▶ **Directions**
Write out the entries below exactly as they stand. Skip every image.

▶ **Records to use**
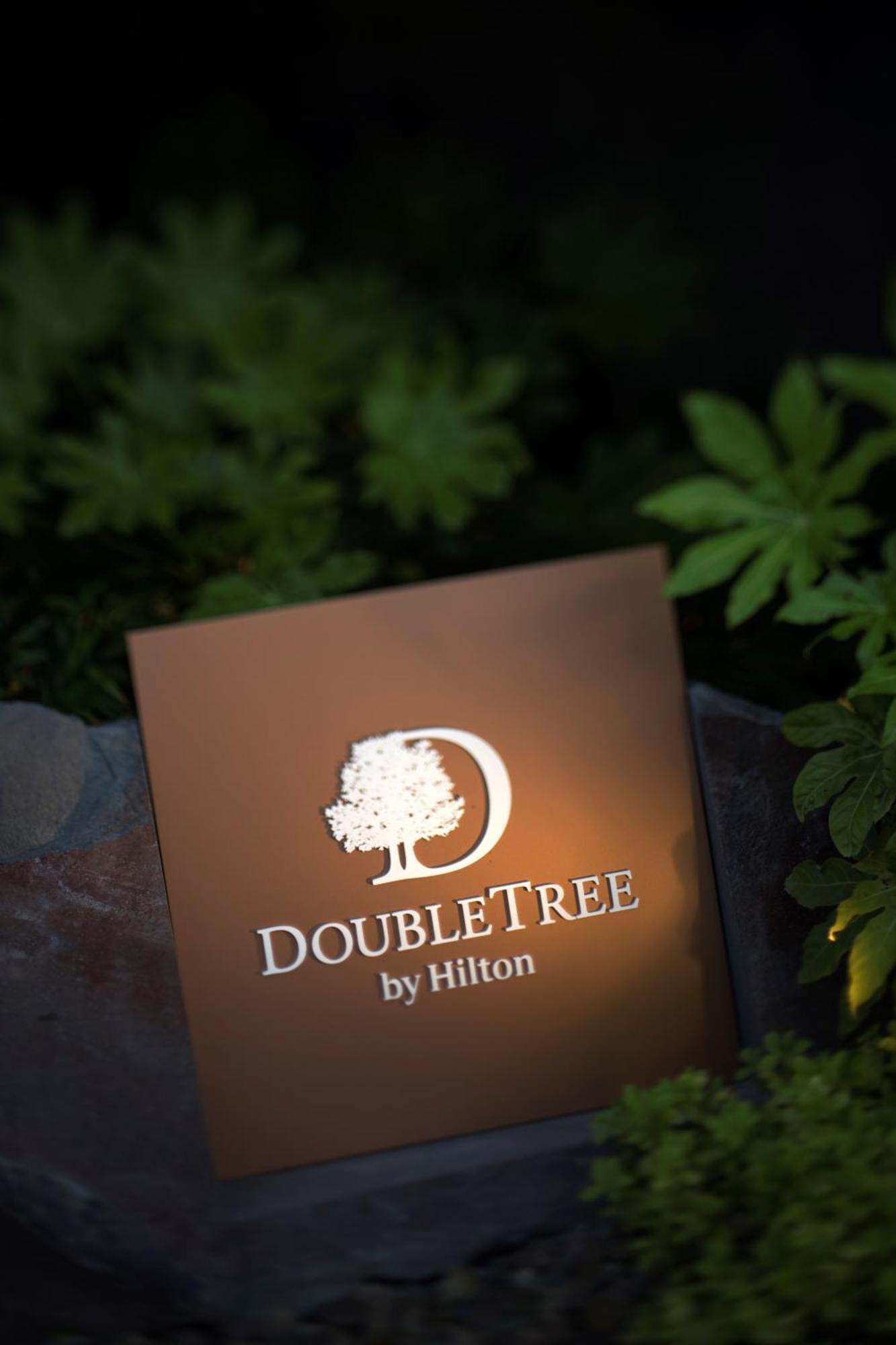 Doubletree By Hilton Higashiyama Hotel 4*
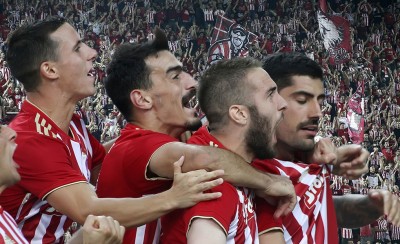 Ομάδα που αρέσει και εκφράζει τον κόσμο!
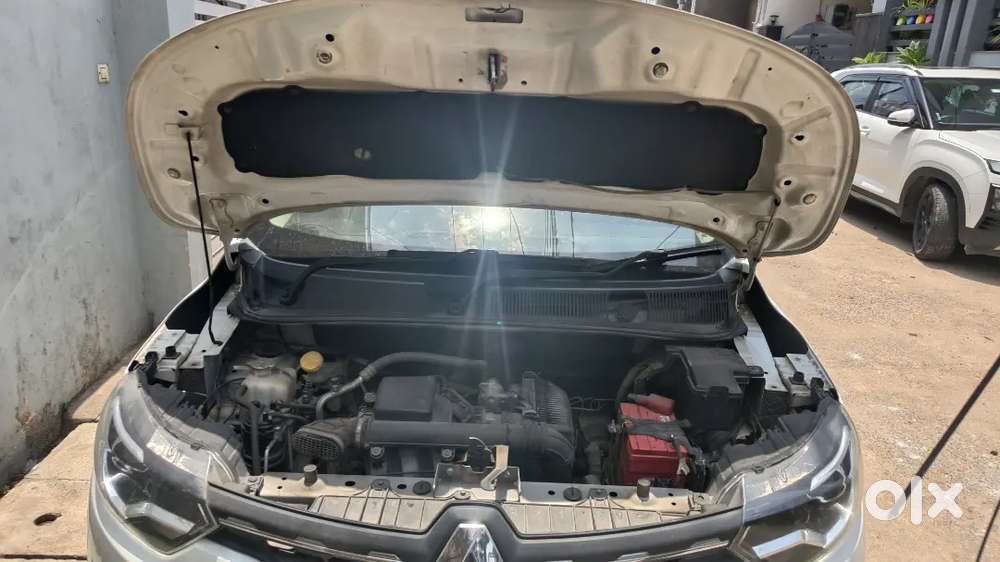 Renault Triber 2023 Petrol Well Maintained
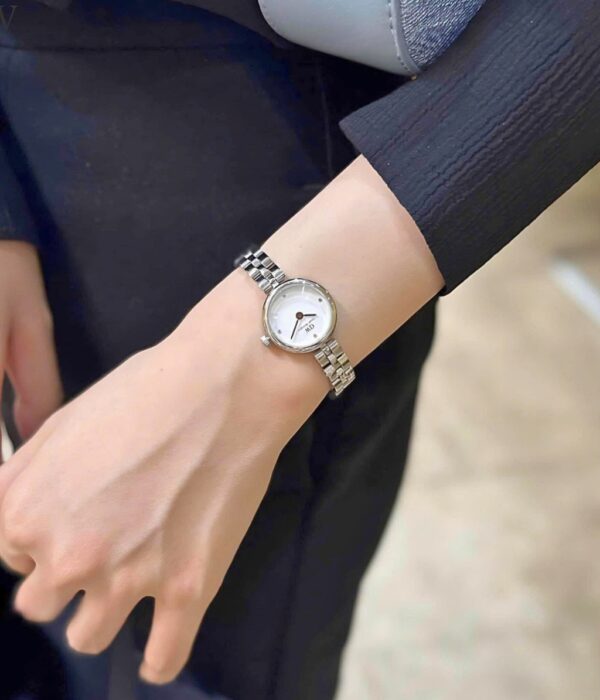 Hình ảnh Đồng Hồ Daniel Wellington Nữ DW00100716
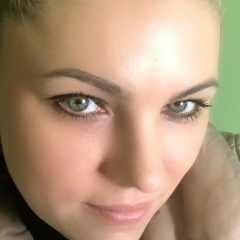 Елизавета Топорец, Москва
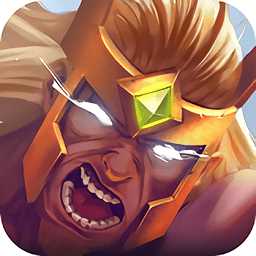 諸神的征伐公測(cè)版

▶ **Solved problem**
 Doubletree By Hilton Higashiyama Hotel 4*
 Ομάδα που αρέσει και εκφράζει τον κόσμο!
 Renault Triber 2023 Petrol Well Maintained
 Hình ảnh Đồng Hồ Daniel Wellington Nữ DW00100716
 Елизавета Топорец, Москва
 諸神的征伐公測(cè)版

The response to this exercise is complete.